Birde aşı konusu var tabi. İlçemizde yaklaşık 40 bin doz aşı yapıldı. Belki de aşıldı. Ama hala aşı konusunda direnenler var. Denedim ve çevremdeki birçok insanda denedi. Yan etki hiç olmadı. Çip takılma gibi bir konu da yok. Yani şimdiye kadar öyle bir hissiyat yaşamadım. Tek sorun aşı olduktan sonra bir süre aşırı bir rahatlama ve artık bitti hissi oluyor o kadar.

Bu sebeplerle yasaklar bitti her şey bitti yok.

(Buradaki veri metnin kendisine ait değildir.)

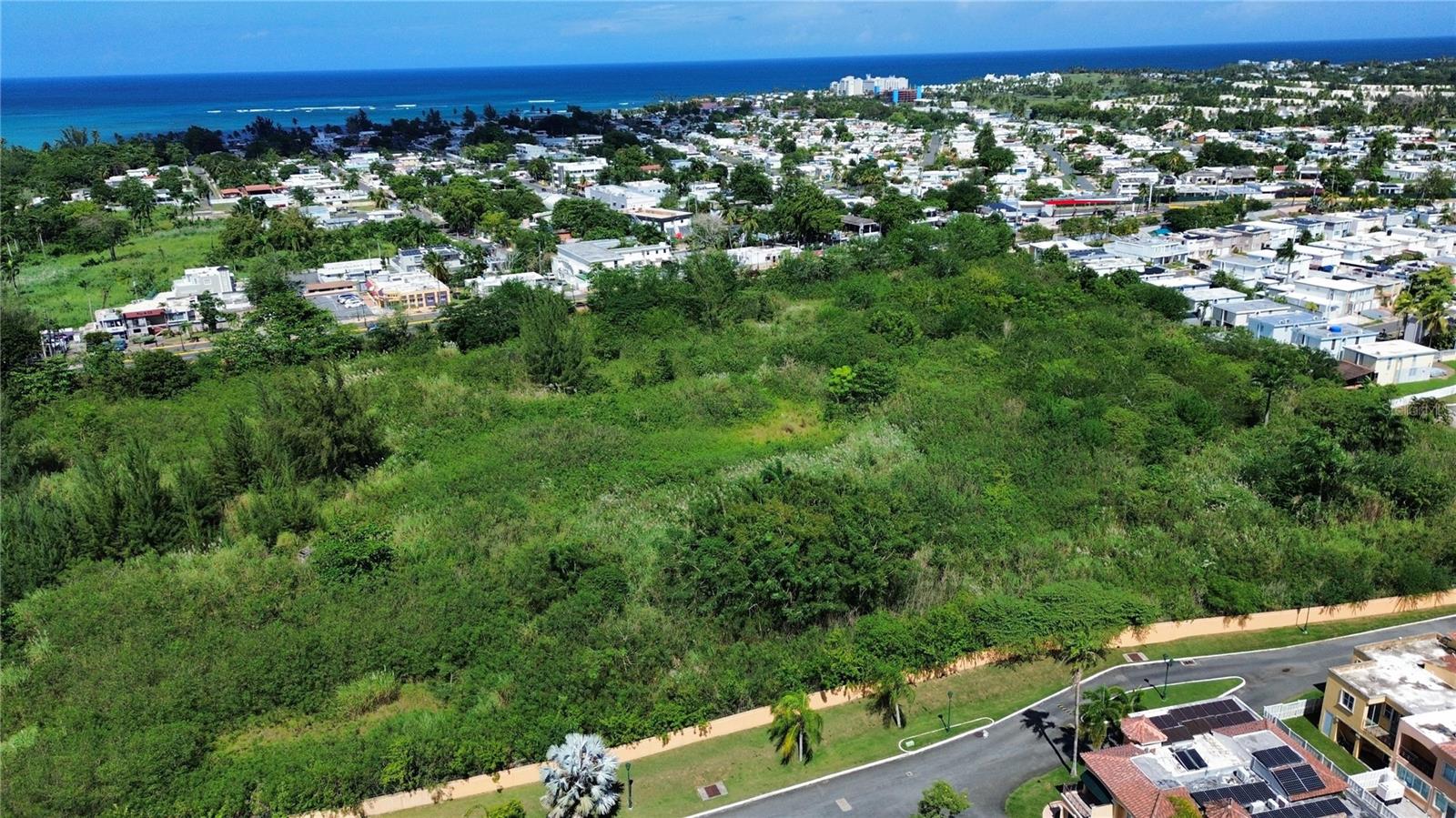 BO HIGUILLAR CARR. 695 KM. 3.2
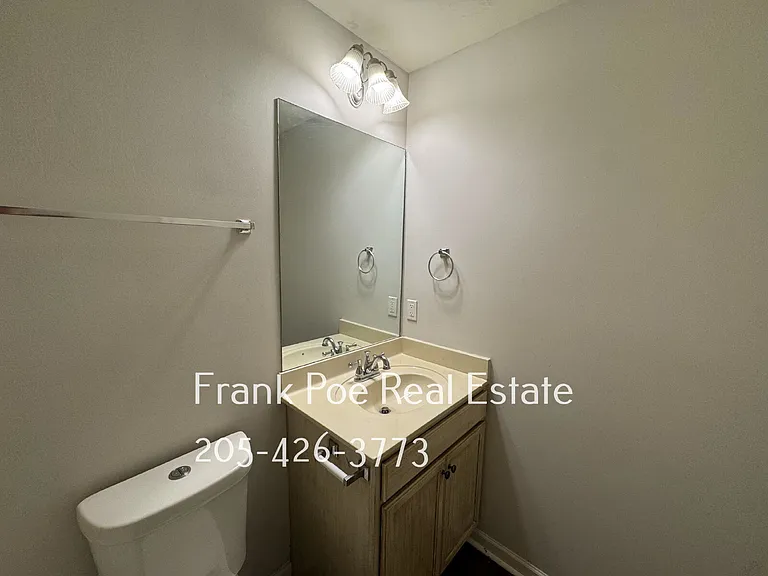 5901 Southwood Pkwy — Photo 10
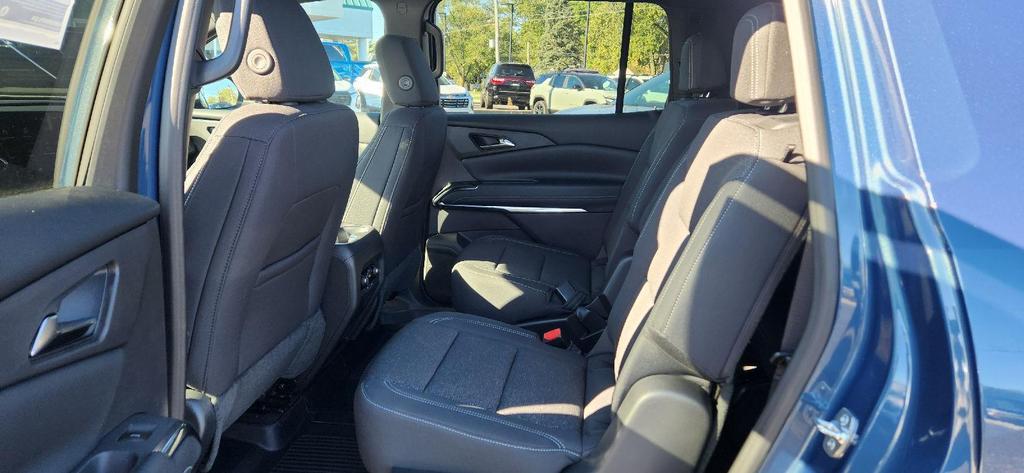 new 2026 Chevrolet Traverse car, priced at $39,933
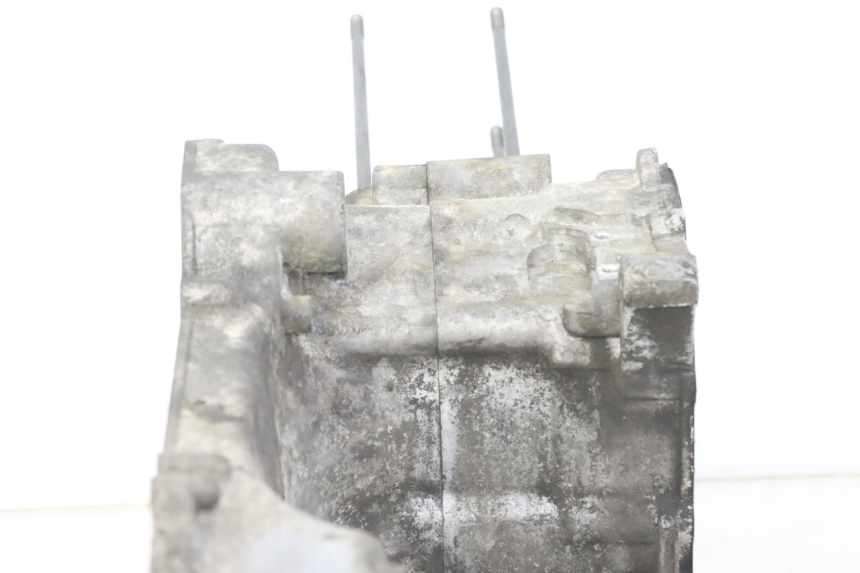 photo de CARTER BAS MOTEUR PEUGEOT SATELIS 125 (2013 - 2018) - Gros plan technique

Yasaklar bitti, hastalık devam ediyor. Tamamen yasaksız bir hayat için en büyük silahımız aşımızı olalım. Hijyen ve temizliğimize özen gösterip, hijyen ve temizliğe özen gösteren mekanları tercih edelim. Gerisi zaten bizim elimizde değil. Biz elimizden geleni yapalım yeter.